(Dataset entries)
>>>
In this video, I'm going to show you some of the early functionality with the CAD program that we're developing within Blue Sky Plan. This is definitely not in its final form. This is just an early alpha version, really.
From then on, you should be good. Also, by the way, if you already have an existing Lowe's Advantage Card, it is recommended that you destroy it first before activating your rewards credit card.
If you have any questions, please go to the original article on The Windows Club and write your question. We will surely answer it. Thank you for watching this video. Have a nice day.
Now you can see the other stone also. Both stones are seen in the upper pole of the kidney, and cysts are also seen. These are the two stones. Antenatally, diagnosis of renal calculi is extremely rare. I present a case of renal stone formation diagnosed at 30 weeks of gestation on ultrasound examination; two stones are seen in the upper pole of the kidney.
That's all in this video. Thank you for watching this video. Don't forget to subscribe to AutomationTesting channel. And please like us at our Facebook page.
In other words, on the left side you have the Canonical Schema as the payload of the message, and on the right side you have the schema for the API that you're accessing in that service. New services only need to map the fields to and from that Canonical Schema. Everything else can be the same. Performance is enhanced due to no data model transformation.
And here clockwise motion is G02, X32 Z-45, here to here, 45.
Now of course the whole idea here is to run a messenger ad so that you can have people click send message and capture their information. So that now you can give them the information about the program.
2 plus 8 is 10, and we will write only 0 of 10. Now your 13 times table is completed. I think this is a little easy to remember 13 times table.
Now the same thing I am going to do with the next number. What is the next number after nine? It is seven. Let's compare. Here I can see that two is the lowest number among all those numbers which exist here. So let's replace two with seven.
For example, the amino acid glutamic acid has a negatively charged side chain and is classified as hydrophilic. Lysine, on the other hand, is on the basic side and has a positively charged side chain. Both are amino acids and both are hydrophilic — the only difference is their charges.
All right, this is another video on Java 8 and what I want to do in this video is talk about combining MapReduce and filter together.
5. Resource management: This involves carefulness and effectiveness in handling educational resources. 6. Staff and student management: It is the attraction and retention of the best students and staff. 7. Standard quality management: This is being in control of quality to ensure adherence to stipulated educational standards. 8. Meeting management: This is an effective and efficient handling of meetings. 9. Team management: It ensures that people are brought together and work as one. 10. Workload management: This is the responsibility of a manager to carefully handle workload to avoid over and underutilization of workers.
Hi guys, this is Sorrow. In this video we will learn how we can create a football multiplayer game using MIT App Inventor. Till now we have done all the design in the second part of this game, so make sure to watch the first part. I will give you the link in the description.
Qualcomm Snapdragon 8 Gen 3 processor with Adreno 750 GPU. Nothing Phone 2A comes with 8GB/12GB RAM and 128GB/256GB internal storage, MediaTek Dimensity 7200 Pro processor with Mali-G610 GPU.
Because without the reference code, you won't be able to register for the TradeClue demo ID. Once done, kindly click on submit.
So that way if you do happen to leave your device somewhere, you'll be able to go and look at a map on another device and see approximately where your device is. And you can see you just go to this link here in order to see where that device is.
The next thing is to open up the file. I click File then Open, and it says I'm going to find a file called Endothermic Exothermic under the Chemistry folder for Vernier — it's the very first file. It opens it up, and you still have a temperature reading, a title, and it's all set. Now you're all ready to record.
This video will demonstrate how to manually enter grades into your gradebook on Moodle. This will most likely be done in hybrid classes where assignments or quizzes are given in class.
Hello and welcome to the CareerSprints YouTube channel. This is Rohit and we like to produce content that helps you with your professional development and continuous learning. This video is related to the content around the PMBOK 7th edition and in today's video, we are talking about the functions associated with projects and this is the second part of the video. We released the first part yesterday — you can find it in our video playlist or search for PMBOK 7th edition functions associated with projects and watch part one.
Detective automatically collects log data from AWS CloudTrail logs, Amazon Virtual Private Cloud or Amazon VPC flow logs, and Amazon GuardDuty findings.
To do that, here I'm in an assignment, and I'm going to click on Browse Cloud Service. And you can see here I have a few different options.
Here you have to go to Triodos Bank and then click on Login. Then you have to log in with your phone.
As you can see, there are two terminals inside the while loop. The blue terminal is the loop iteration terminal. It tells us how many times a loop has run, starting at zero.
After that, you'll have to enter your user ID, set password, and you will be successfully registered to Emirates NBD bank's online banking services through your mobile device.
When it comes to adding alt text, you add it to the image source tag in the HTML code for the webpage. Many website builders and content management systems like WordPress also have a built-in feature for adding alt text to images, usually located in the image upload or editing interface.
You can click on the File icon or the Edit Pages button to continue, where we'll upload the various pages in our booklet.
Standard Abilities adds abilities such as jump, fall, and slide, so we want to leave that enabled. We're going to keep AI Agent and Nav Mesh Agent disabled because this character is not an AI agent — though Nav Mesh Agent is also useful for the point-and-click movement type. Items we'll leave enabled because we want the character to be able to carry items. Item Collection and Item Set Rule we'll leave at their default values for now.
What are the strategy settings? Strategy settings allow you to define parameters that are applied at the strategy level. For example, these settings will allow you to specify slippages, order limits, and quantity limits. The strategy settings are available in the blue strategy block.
<<<
» Exercise instructions
Your answer must consist of every line above, transcribed verbatim.

» Output for this exercise
In this video, I'm going to show you some of the early functionality with the CAD program that we're developing within Blue Sky Plan. This is definitely not in its final form. This is just an early alpha version, really.
From then on, you should be good. Also, by the way, if you already have an existing Lowe's Advantage Card, it is recommended that you destroy it first before activating your rewards credit card.
If you have any questions, please go to the original article on The Windows Club and write your question. We will surely answer it. Thank you for watching this video. Have a nice day.
Now you can see the other stone also. Both stones are seen in the upper pole of the kidney, and cysts are also seen. These are the two stones. Antenatally, diagnosis of renal calculi is extremely rare. I present a case of renal stone formation diagnosed at 30 weeks of gestation on ultrasound examination; two stones are seen in the upper pole of the kidney.
That's all in this video. Thank you for watching this video. Don't forget to subscribe to AutomationTesting channel. And please like us at our Facebook page.
In other words, on the left side you have the Canonical Schema as the payload of the message, and on the right side you have the schema for the API that you're accessing in that service. New services only need to map the fields to and from that Canonical Schema. Everything else can be the same. Performance is enhanced due to no data model transformation.
And here clockwise motion is G02, X32 Z-45, here to here, 45.
Now of course the whole idea here is to run a messenger ad so that you can have people click send message and capture their information. So that now you can give them the information about the program.
2 plus 8 is 10, and we will write only 0 of 10. Now your 13 times table is completed. I think this is a little easy to remember 13 times table.
Now the same thing I am going to do with the next number. What is the next number after nine? It is seven. Let's compare. Here I can see that two is the lowest number among all those numbers which exist here. So let's replace two with seven.
For example, the amino acid glutamic acid has a negatively charged side chain and is classified as hydrophilic. Lysine, on the other hand, is on the basic side and has a positively charged side chain. Both are amino acids and both are hydrophilic — the only difference is their charges.
All right, this is another video on Java 8 and what I want to do in this video is talk about combining MapReduce and filter together.
5. Resource management: This involves carefulness and effectiveness in handling educational resources. 6. Staff and student management: It is the attraction and retention of the best students and staff. 7. Standard quality management: This is being in control of quality to ensure adherence to stipulated educational standards. 8. Meeting management: This is an effective and efficient handling of meetings. 9. Team management: It ensures that people are brought together and work as one. 10. Workload management: This is the responsibility of a manager to carefully handle workload to avoid over and underutilization of workers.
Hi guys, this is Sorrow. In this video we will learn how we can create a football multiplayer game using MIT App Inventor. Till now we have done all the design in the second part of this game, so make sure to watch the first part. I will give you the link in the description.
Qualcomm Snapdragon 8 Gen 3 processor with Adreno 750 GPU. Nothing Phone 2A comes with 8GB/12GB RAM and 128GB/256GB internal storage, MediaTek Dimensity 7200 Pro processor with Mali-G610 GPU.
Because without the reference code, you won't be able to register for the TradeClue demo ID. Once done, kindly click on submit.
So that way if you do happen to leave your device somewhere, you'll be able to go and look at a map on another device and see approximately where your device is. And you can see you just go to this link here in order to see where that device is.
The next thing is to open up the file. I click File then Open, and it says I'm going to find a file called Endothermic Exothermic under the Chemistry folder for Vernier — it's the very first file. It opens it up, and you still have a temperature reading, a title, and it's all set. Now you're all ready to record.
This video will demonstrate how to manually enter grades into your gradebook on Moodle. This will most likely be done in hybrid classes where assignments or quizzes are given in class.
Hello and welcome to the CareerSprints YouTube channel. This is Rohit and we like to produce content that helps you with your professional development and continuous learning. This video is related to the content around the PMBOK 7th edition and in today's video, we are talking about the functions associated with projects and this is the second part of the video. We released the first part yesterday — you can find it in our video playlist or search for PMBOK 7th edition functions associated with projects and watch part one.
Detective automatically collects log data from AWS CloudTrail logs, Amazon Virtual Private Cloud or Amazon VPC flow logs, and Amazon GuardDuty findings.
To do that, here I'm in an assignment, and I'm going to click on Browse Cloud Service. And you can see here I have a few different options.
Here you have to go to Triodos Bank and then click on Login. Then you have to log in with your phone.
As you can see, there are two terminals inside the while loop. The blue terminal is the loop iteration terminal. It tells us how many times a loop has run, starting at zero.
After that, you'll have to enter your user ID, set password, and you will be successfully registered to Emirates NBD bank's online banking services through your mobile device.
When it comes to adding alt text, you add it to the image source tag in the HTML code for the webpage. Many website builders and content management systems like WordPress also have a built-in feature for adding alt text to images, usually located in the image upload or editing interface.
You can click on the File icon or the Edit Pages button to continue, where we'll upload the various pages in our booklet.
Standard Abilities adds abilities such as jump, fall, and slide, so we want to leave that enabled. We're going to keep AI Agent and Nav Mesh Agent disabled because this character is not an AI agent — though Nav Mesh Agent is also useful for the point-and-click movement type. Items we'll leave enabled because we want the character to be able to carry items. Item Collection and Item Set Rule we'll leave at their default values for now.
What are the strategy settings? Strategy settings allow you to define parameters that are applied at the strategy level. For example, these settings will allow you to specify slippages, order limits, and quantity limits. The strategy settings are available in the blue strategy block.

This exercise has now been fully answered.